Powell said that, while he still expected inflation to move back down towards the levels seen last year, ‘my confidence in that is not as high as it was having seen these readings in these first three months of the year.’

XTB analyst Kathleen Brooks commented: ‘The market is now pricing in two full rate cuts from the Fed this year, which was not the case on Tuesday. Thus, today’s economic data has moved the dial on Fed rate cut expectations. This is a market-friendly report, which supports the Fed’s view that rates will be cut once there is evidence that inflation is falling back to the target rate. If we see another couple of CPI reports that continues in this trend, then a late summer rate cut could be in the cards.’

US retail sales were weaker than expected last month, numbers on Wednesday showed.

According to the Census Bureau, retail sales were flat in April from March, well below an FXStreet cited forecast which predicted a 0.4% rise. In March from February, retail sales had risen 0.6%, downwardly revised from an initially reported 0.7% climb.

The pound was quoted at $1.2668 at the time of the London equities close on Wednesday, higher compared to $1.2582 on Tuesday.

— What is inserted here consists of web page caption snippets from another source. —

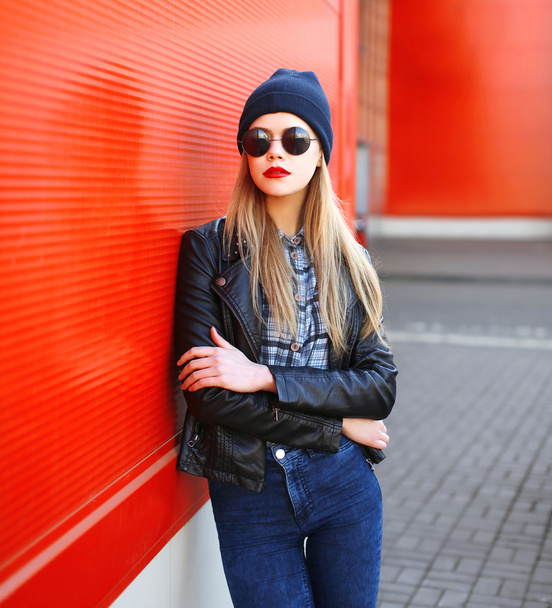 Fashion young woman in rock black style over red background - 写真・画像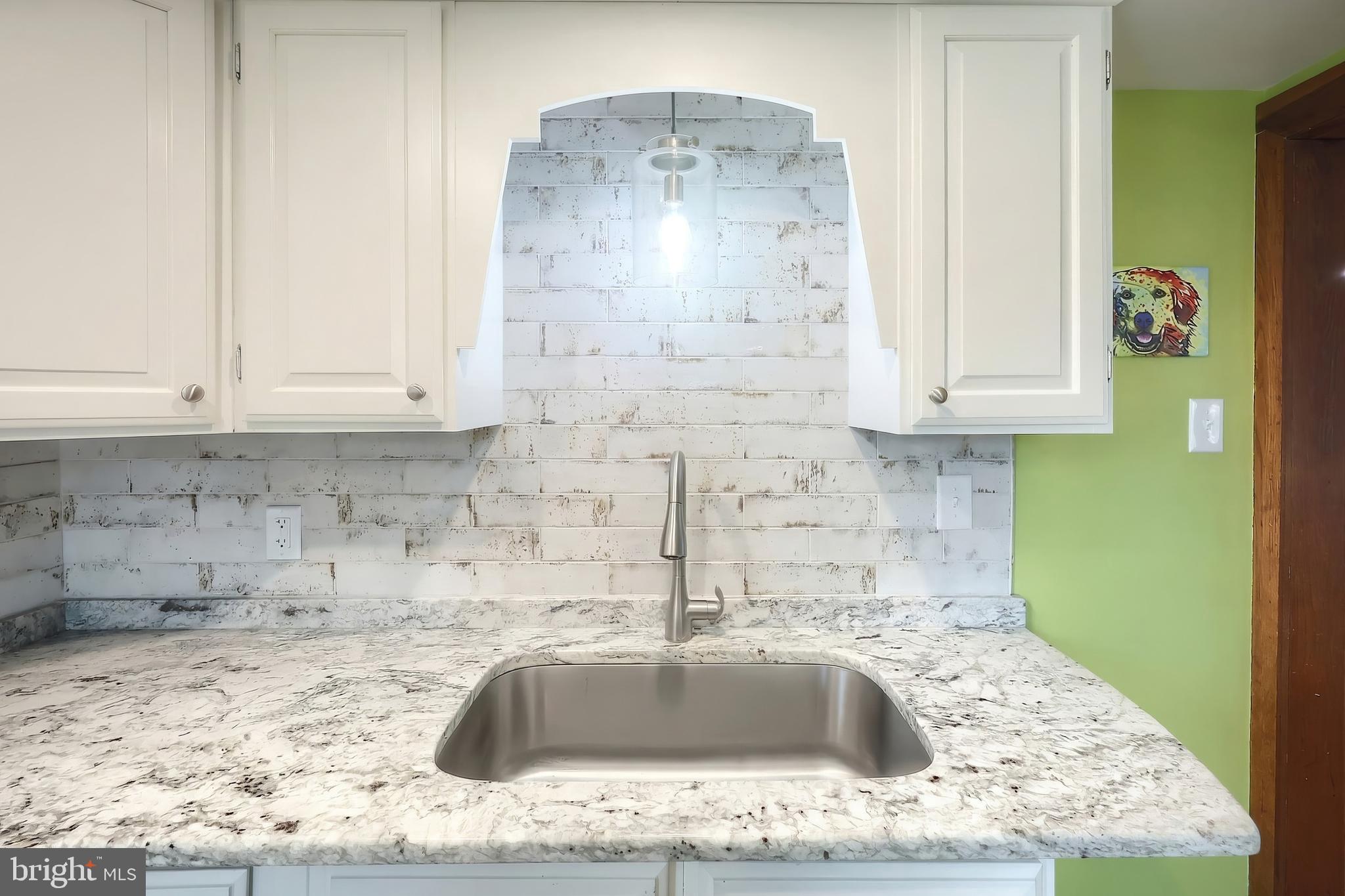 24 Park Street Jacobus, PA 17407 - Photo 14 of 40 a kitchen with granite countertop a sink and granite counter tops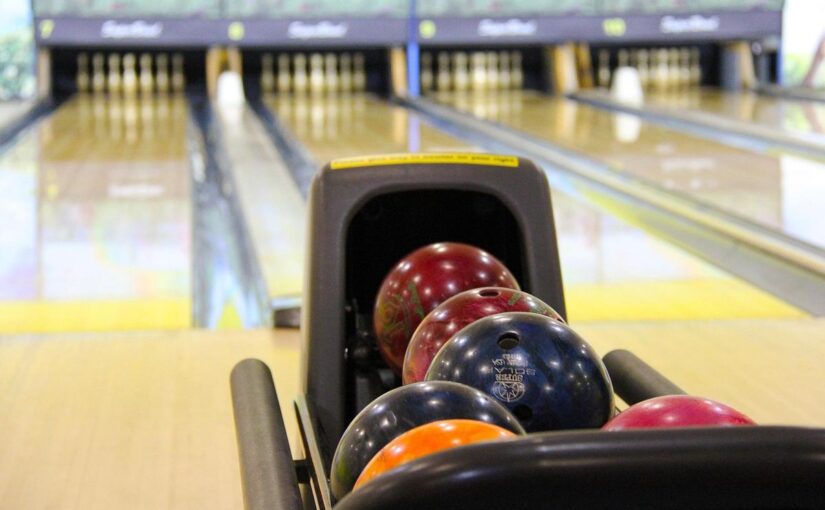 Flacon de boules colorées dans le porte-balles d'une piste de bowling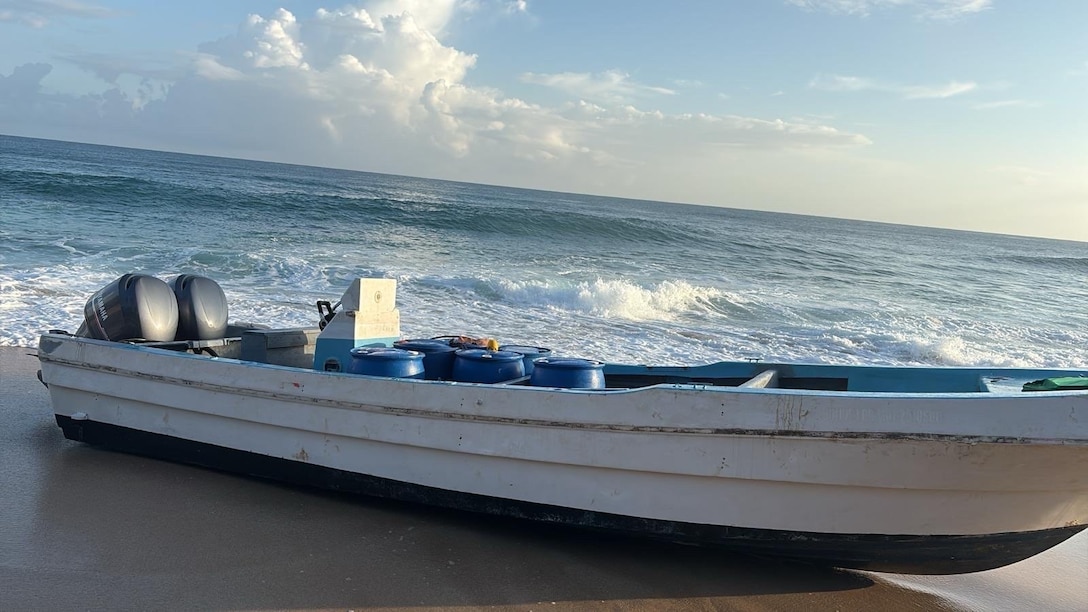 A suspected drug smuggling vessel is beached off Camuy, Puerto Rico, Feb. 13, 2026. Coast Guard law enforcement crews disrupted a drug trafficking go-fast vessel and seized 2,083 pounds of cocaine. (U.S. Coast Guard photo)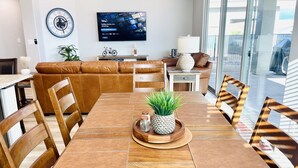 Ein modernes Wohnzimmer mit einem braunen Ledersofa, einem Holzesstisch und Stühlen. Ein Flachbildfernseher an der Wand zeigt einen Disney Sender.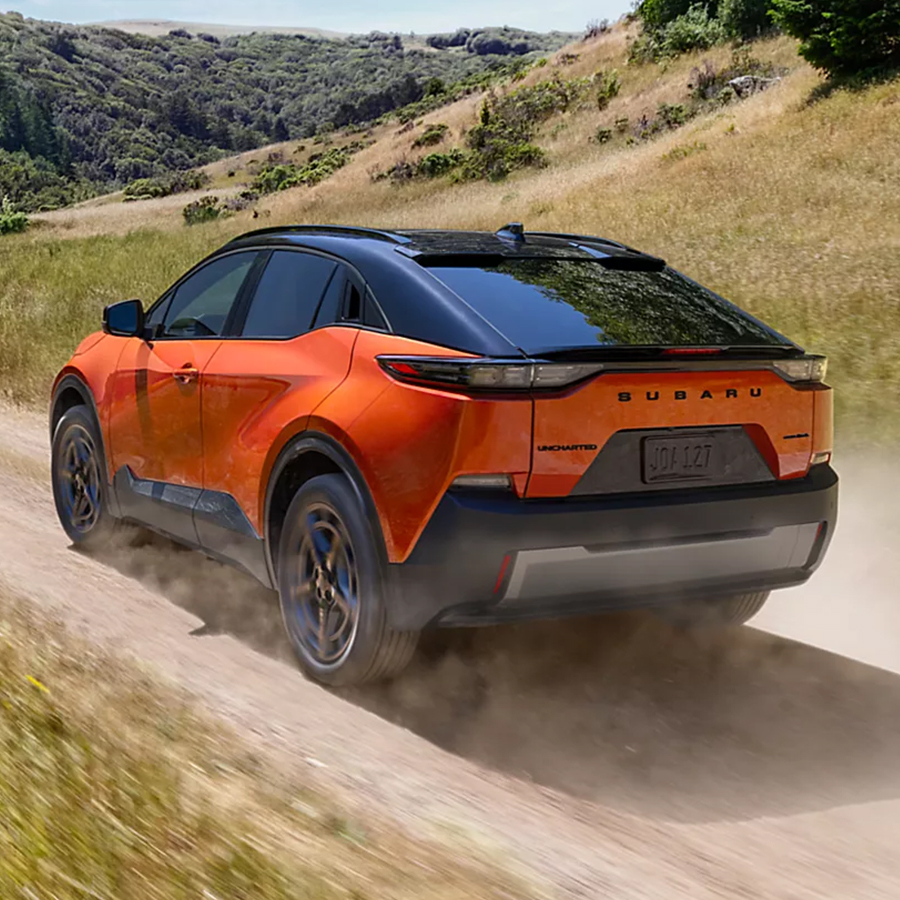Rear driver-side view of a Subaru EV SUV heading down a mountain road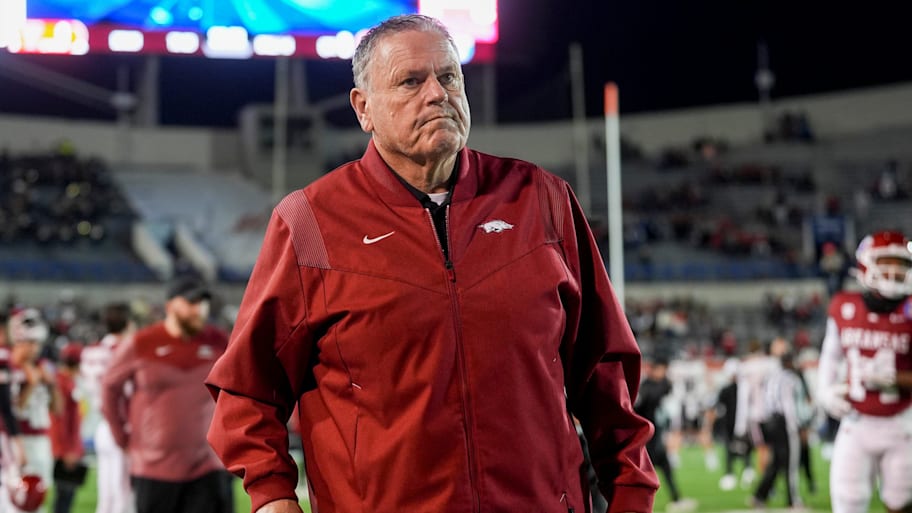 Arkansas head coach Sam Pittman walks down the sideline assisted by a cane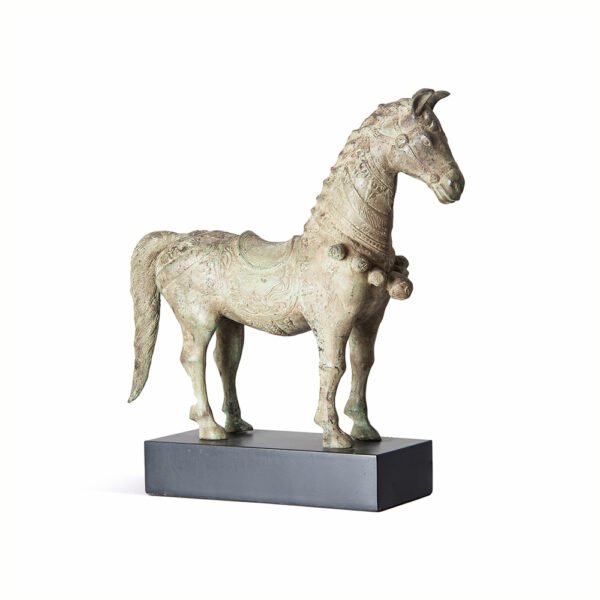 A beautiful bronze horse figure with aged cream patina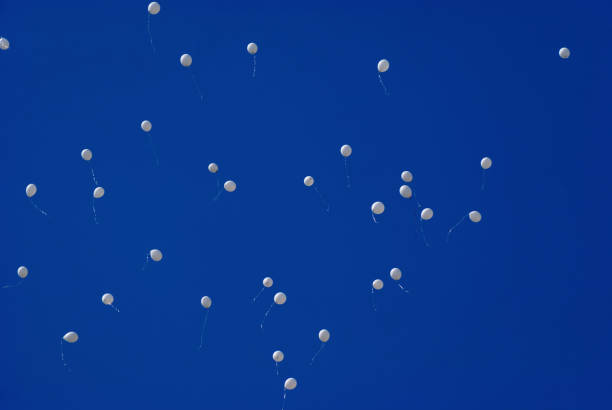 istock White balloons in the blue clear sky 957465260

The euro stood at $1.0872, up against $1.0818. Against the yen, the dollar was trading at JP¥154.85, lower compared to JP¥156.41.

In London, there were a series of M&A developments to grab investor focus.

Royal Mail owner International Distributions Services jumped 18% as it announced it would be minded to accept a revised non-binding proposal for a potential takeover offer from EP Corporate.

The new revised offer posted on Wednesday represents a total value of 370 pence per IDS share, 16% higher than the old offer of around 320p. It values IDS’s share capital at around £3.5 billion.

‘The proposal follows significant negotiation including a number of earlier proposals from EP Group,’ IDS said.

Prague-based EP Corporate is majority owned by Czech billionaire Daniel Kretinsky. Kretinsky’s other investments include stakes in UK supermarket chain Sainsbury’s, French newspaper Le Monde and London football club West Ham United.

After rejecting a takeover tilt, meanwhile, John Wood Group fell 7.2%. It shrugged off a new takeover proposal from planning, design, engineering and project management firm Sidara.

Consulting and engineering firm Wood Group said the new offer of 212 pence per share, around £1.46 billion in total, continued to ‘fundamentally undervalue’ the company and its future prospects. The offer was 3.4% higher than Sidara’s initial offer of 205p.

Elsewhere, housebuilder Redrow said shareholders backed its acquisition by larger peer Barratt Developments. Both Redrow and Barratt climbed 0.8%. Interest rate optimism following the US data lifted the housebuilding sector.

Accrol Group said its shareholders approved its takeover by Portuguese integrated pulp, paper, tissue and packaging Navigator. Accrol shares ended the day 0.8% higher.

Elsewhere in London, Experian added 8.4%. The Dublin-based consumer credit checker said full-year growth was ‘was at the top end of our expectations.’

Experian said pretax profit in the year ended March 31 jumped 32% to $1.55 billion from $1.17 billion a year prior. Revenue rose 7.3% to $7.10 billion from $6.62 billion.

Reflecting the strong performance, Experian upped its full year dividend by 6.8% to 58.50 cents from 54.75 cents.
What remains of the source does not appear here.